List comprehensions lead to terser and more compact expression. You're right to think of it quite a lot like a query language.
x = [comparison(a, b) for (a, b) in zip(A, B)]
x = [comparison(a, b) for (a, b) in itertools.product(A, B)]
x = [comparison(a, b) for a in A for b in B if test(a, b)]
x = [comparison(a, b) for (a, b) in X for X in Y if test(a, b, X)]
...are all patterns that I use.
This is pretty tricky, and I had fun with it. This is what I'd do:
def match_fields(business, review):
return business['business_id'] == review['business_id'] and 'Restaurants' in business['categories']
def search_businesses(review):
# the lambda binds the given review as an argument to match_fields
return any(lambda business: match_fields(business, review), business_list)
answer = filter(search_businesses, review_list)
This is the most readable way I found. I'm not terribly fond of list comprehensions that go past one line, and three lines is really pushing it. If you want this to look more terse, just use shorter variable names. I favor long ones for clarity.
I defined a function that returns true if an entry can be matched between lists, and a second function that helps me search through the review list. I then can say: get rid of any review that doesn't have a matching entry in the businesses list. This pattern works well with arbitrary checks between lists.

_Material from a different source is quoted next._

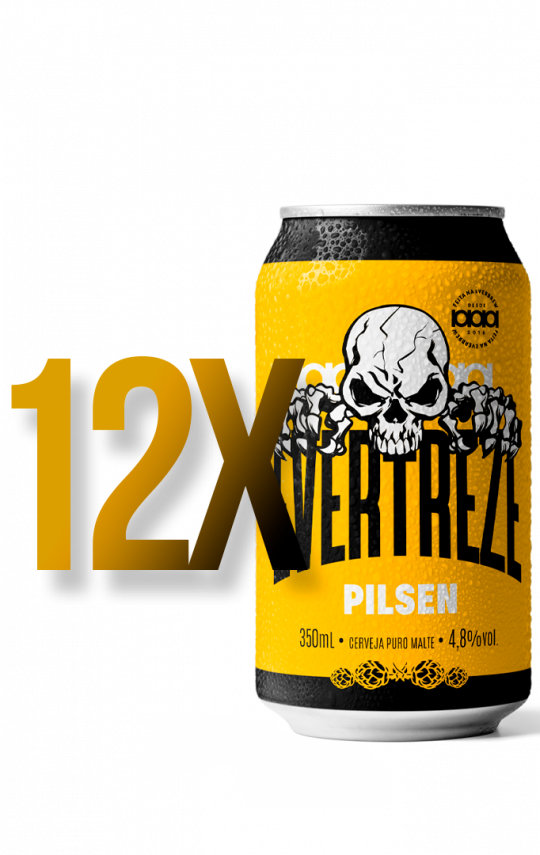 Mockup Caixa 12 unidades Evertreze Pilsen lata 350ml.
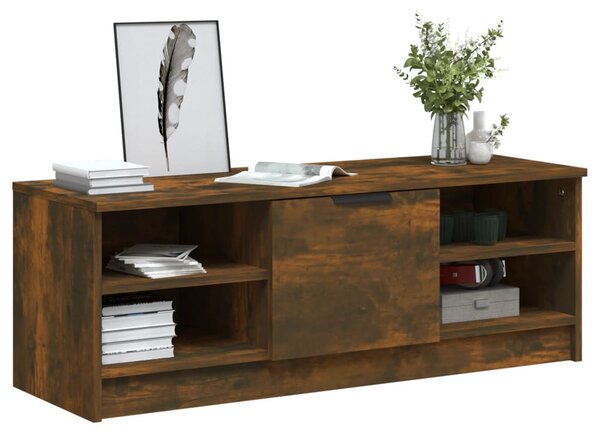 Füstös tölgyszínű szerelt fa TV-szekrény 102 x 35,5 x 36,5 cm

As a variation to the list comprehension only approaches, it may be more efficient to use a set and generator comprehension. This is especially true if the size of your first list is very large or if the total number of restaurants is very large.
restaurant_ids = set(biz for biz in first if 'Restaurants' in biz['categories'])
restaurant_data = [rest for rest in second if rest['id'] in restaurant_ids]
Note the brute force list comprehension approach is O(len(first)*len(second)), but it uses no additional memory storage whereas this approach is O(len(first)+len(second)) and uses O(number_of_restaurants) extra memory for the set.
You could do:
restaurant_ids = [biz['id'] for biz in list1 if 'Restaurants' in biz['categories']]
restaurant_data = [rest for rest in list2 if rest['id'] in restaurant_ids]
Then restaurant_data would contain all of the dictionaries from list2 that contain restaurant data.